WHAT YOU SHOULD DO: Give an unaltered copy of the listing below, minus its pictures.

INFORMATION PROVIDED:
════════════════════

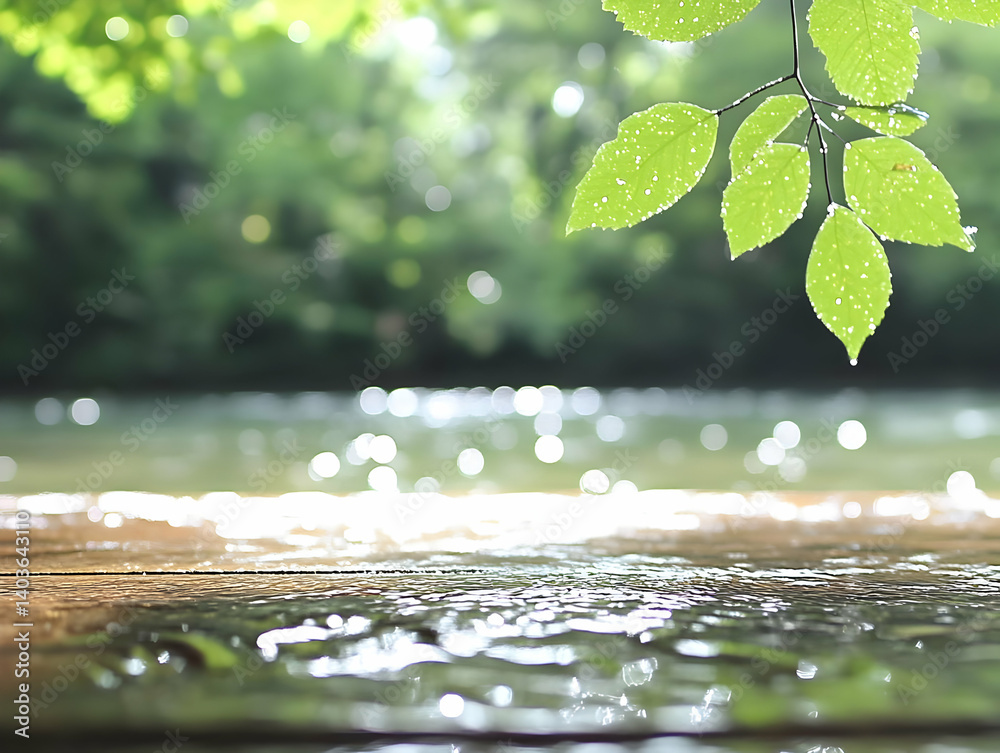 Sunlit Green Leaves Over Wooden Planks Above Sparkling Water with Bokeh Background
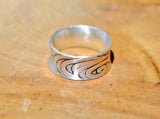 Sterling silver anticlastic ring handmade with swirling pattern, NiciArt 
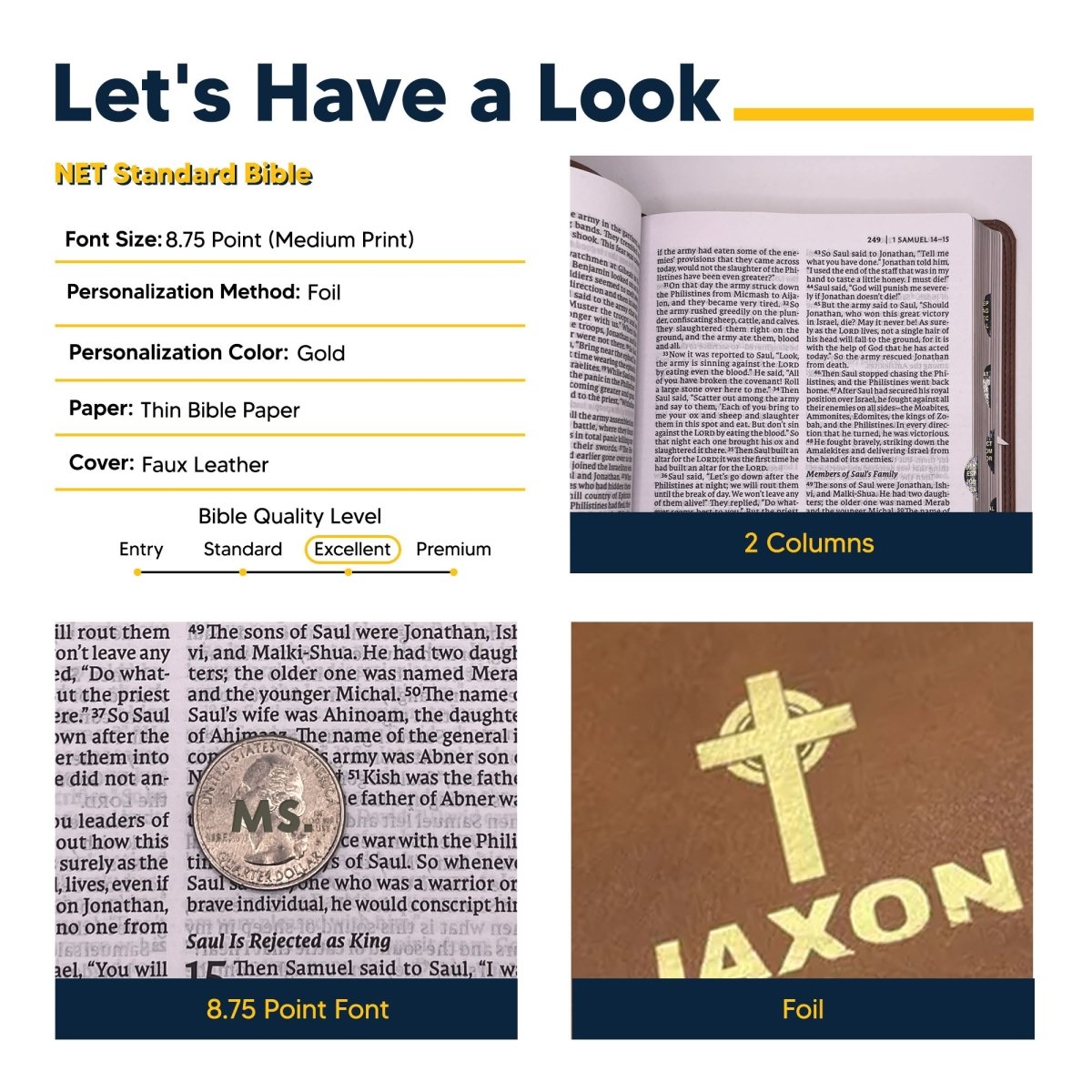 Personalized NET Holy Bible Custom with Your Name and Date | Medium Print Faux Leather New English Translation Bible with Index Tabs Brown | Shepherds Shelf - Shepherds Shelf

════════════════════

WRITTEN ANSWER:
 Sunlit Green Leaves Over Wooden Planks Above Sparkling Water with Bokeh Background
 Sterling silver anticlastic ring handmade with swirling pattern, NiciArt 
 Personalized NET Holy Bible Custom with Your Name and Date | Medium Print Faux Leather New English Translation Bible with Index Tabs Brown | Shepherds Shelf - Shepherds Shelf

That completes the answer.